Saturday, 30 August 2014

Learning the art of hand lettering

A new obsession of mine is hand lettering. I have been inspired since joining the online Filofax community and seeing posts of beautifully decorated planner pages with gorgeous styles of writing. Particular inspirations of mine on Instagram are kikkiknetter and craftyniftydoer. They post photos of their planner pages and the writing on them looks amazing. I can only dream of being half as good as them one day. 

Instagram @craftyniftydoer


For other hopefull beginners out there I thought I'd share the first part of my journey with you. I started off with the best free teaching resource - Youtube. It seems like the starting point for me needed to be learning how to write cursively. At school I was taught how to write "joined-up", but over the years my hand-writing has evolved into a semi-joined-up scrawl. I watched a few videos showing how to do the alphabet cursively, and although each had a slightly different slant on doing things, they all had similarities. By watching a variety of these videos, notepad and pen in hand and practising along with them, I started to get the feel of cursive handwriting. My absolute favourite channel for practising is Loops and Tails which has a minute long video on each letter (upper and lower case). On their website, they also have free printable worksheets and exercise drills you can work through.

Tip: I can't remember where I saw this, but someone said if you want to make your writing look more like you've used a calligraphy pen, thicken up the downward strokes. I have been working on this technique and I quite like it. 

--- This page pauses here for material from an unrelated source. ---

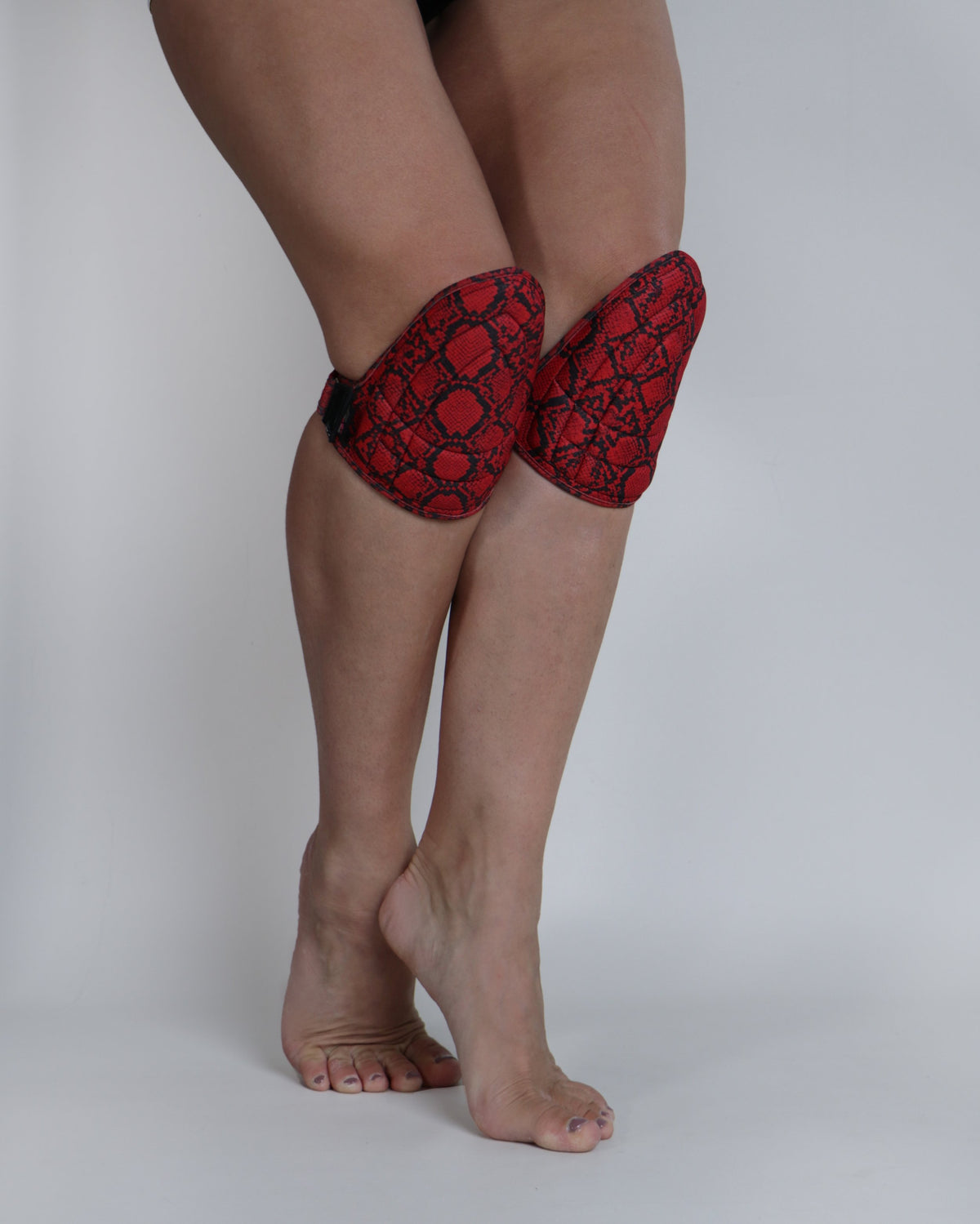 MY STYLE KNEEPADS - RED COBRA 紅蟒蛇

I also stumbled across a video on accenting, which talks you through different ways to frame, boarder and accent your hand-writing. I copied all of these out into my notepad too. I find it really handy to have a record of everything I see in my notepad so I can look back on it and use it. Saves trying to hunt down the specific videos. 

This is pretty much where I am up to right now. I keep practising my crusive lettering, the more I do it, I hope the more smooth it will look. At the moment I am having to think about it and therefore write it slowly which means it can look quite shaky. Once I have mastered this, I will start looking at other fonts and different styles of writing to learn.

I'm writing out people's names, phrases, random words that come into my head, anyting to practise really. A little untidy, but something I worked on today...


Part of my problem above with the untidyness is probably the black pen I used. It is a Uniball signo gelstick 0.7 that I had laying around at home. It's quite nice to write with, but not so good for thickening the letters as the nib is not precise enough.

One day, maybe my planner will look like a work of art. I can dream.